Fish and Chips |
Fish and chips, the signature English dish that I
became obsessed with during my second year at university. In today’s post I
decided to put a West African twist to this dish making a hot pepper sauce to
compliment the fish. Sierra Leone has vast variety of fresh water and deep sea fishes
that locals enjoy on a daily basis. Whether it’s fried or grilled, with a side
of the hot pepper sauce garnished with lemon or lime wedge, fish can be have
with plantains, chips, rice and salads. Like most of my dishes, today’s post is
quick and easy to prepare.
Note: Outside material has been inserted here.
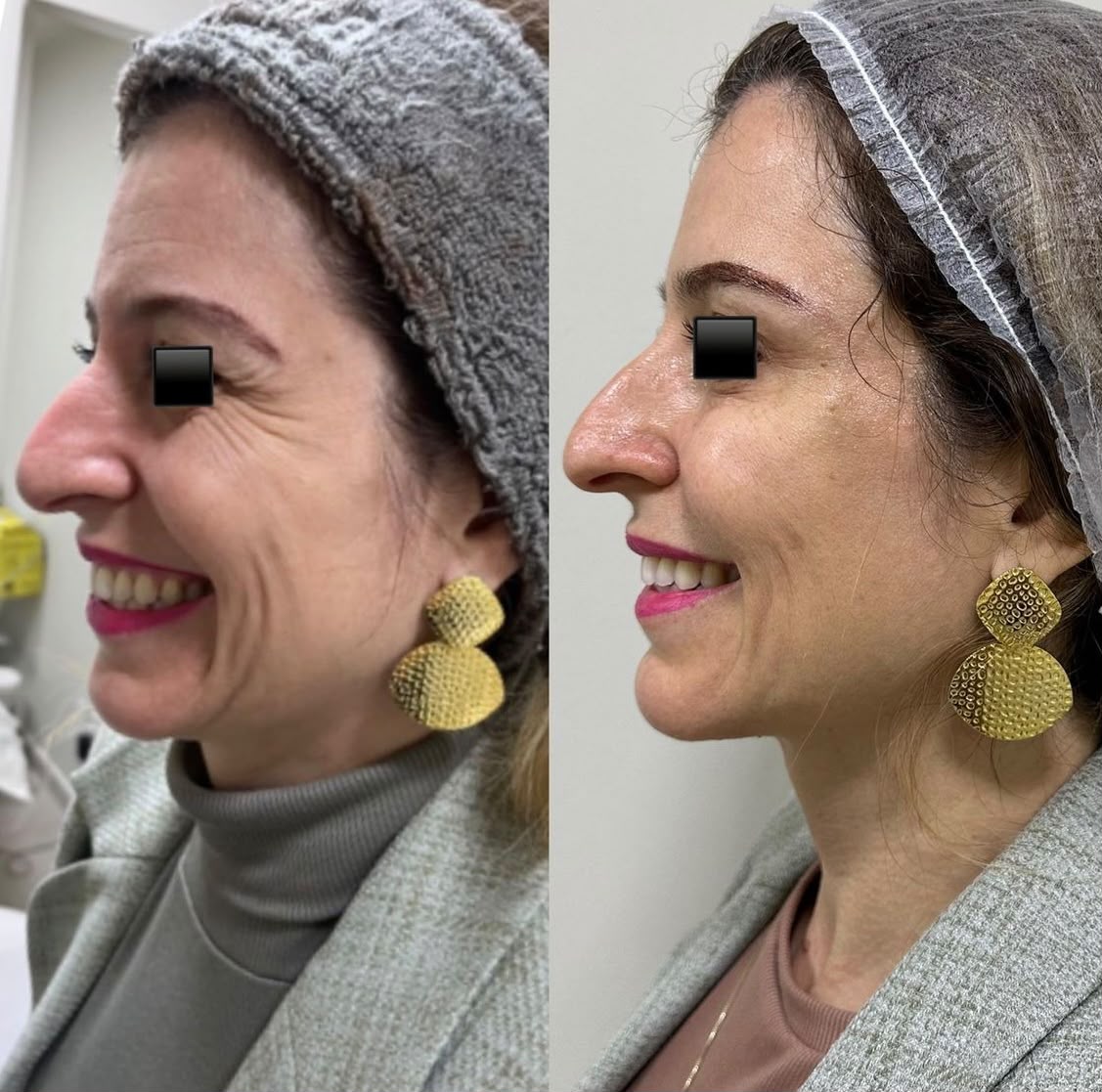 Fotografia real autorizada de evolução facial: antes à esquerda e depois à direita, sem retoques, com a região dos olhos protegida na imagem original.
I hope you enjoy reading and hopefully try out the
recipe. Aprons on!!!
Ingredient
1.
200g fresh Sea Bass
2.
4 Medium potatoes
3.
2 cloves of garlic
4.
1 lime
5.
2 large onions
6.
3 scotch bonnet pepper
7.
1tinned chopped tomato
8.
Maggie seasoning
9.
Olive
Ingredients |
Pan fried Sea Bass |
Cooking Instructions
Sea Bass
1. Fillet
Sea Bass and season with sea salt, black pepper corn and thyme.
2. Pan
fry the fillets 3 minutes on skin side and 2 minutes on flesh side. As soon as it goes in press each fillet down with fingers or fish slice to stop the fillet from curling and also to get crispy skin.
Deep frying chips |
1. Peel
potatoes and cut into chunky slices.
2. Deep
fry until golden brown.
Pepper Stew
Hot pepper sauce |
- Slice onions and blend with scotch peppers,
garlic and chopped tomato finely
- Heat 50ml of olive oil in a pot.
- Once heated fry blended scotch peppers, garlic
and chopped tomato in low heat for 5 minutes constantly stirring it.
- Sprinkle a pinch of salt and a Maggie cube.
- Leave to cook for a further 5 minutes and then dish is ready for serving.